An early version of this post was written in 2007. It has been revised and expanded since it addresses a topic that remains relevant: the relationship between religious belief and morality.
There was a great article by Dan Gardner published in The Ottawa Citizen. Unfortunately, it is no longer available online. When I read it in 2007, I noted that it was precisely the sort of pro-atheist article we atheists need to get out there more frequently. Gardner not only dispelled one of the most important myths about atheists but he also showed how the Christians who condemn us as immoral have to keep revising their criticism as it proves erroneous.
Here's my favorite part:
No, they say, we cannot be good without believing in an invisible spirit who, like Santa Claus, knows when we've been bad or good. No invisible spirit, no reward or punishment. No reward or punishment, and moral codes become empty words. Inevitably, atheists must conclude that morality is for suckers -- and so believers are, ipso facto, better people than non-believers.

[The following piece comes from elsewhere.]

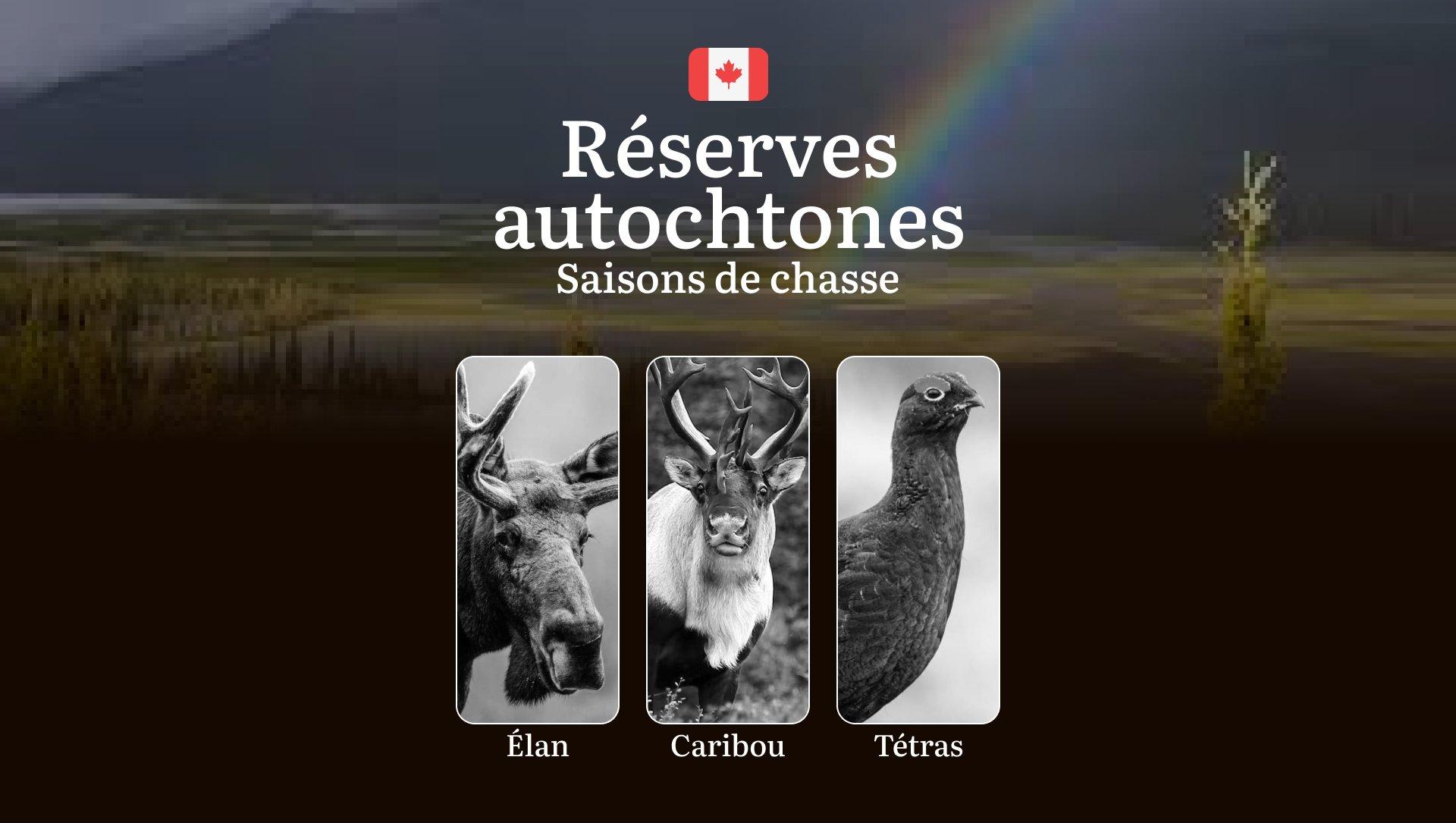 Les Saisons de Chasse dans les RÉSERVES AUTOCHTONES: Dates d'Ouverture/Fermeture, Obtention des Permis, Règlements Spécifiques et Périodes Clés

Gardner explains that religion has been viewed as being necessary for morality for centuries but that believers are increasingly forced to confront the falsehood of this view as they encounter more atheists.
This has complicated the issue considerably because now everyone knows a few atheists who are not lying, thieving, murderous wretches. They work. They pay taxes. They have kids and don't beat them or sell them for medical experiments. How can this be?
An answer comes from the godless science of evolutionary psychology. "People have gut feelings that give them emphatic moral convictions," writes Harvard cognitive psychologist Steven Pinker, "and they struggle to rationalize the convictions after the fact." Those "gut feelings" are not the result of what we learned in Sunday school. "They arise from the neurobiological and evolutionary design of the organs we call moral emotions."
It would seem that those religious believers who are at least partially connected with reality have been forced to adopt a much weaker position regarding the relationship between religion and morality.
This has led believers to a subtler attack. "People who don't believe in God can be good," writes Reginald Bibby, a theist and University of Lethbridge sociologist. "But people who believe in God are more likely to value being good, enhancing the chances that they will be good."
So religion is no longer viewed as being required for morality but as merely facilitating moral behavior. Gardner and others have shot down that claim too, noting that some of the nations scoring at the top on a list of various indicators of morality happen to be among the least religious. When it comes to the claim that religious belief is required for one to be moral or even the softer claim that religious belief facilitates moral behavior, religious believers keep moving the goalposts.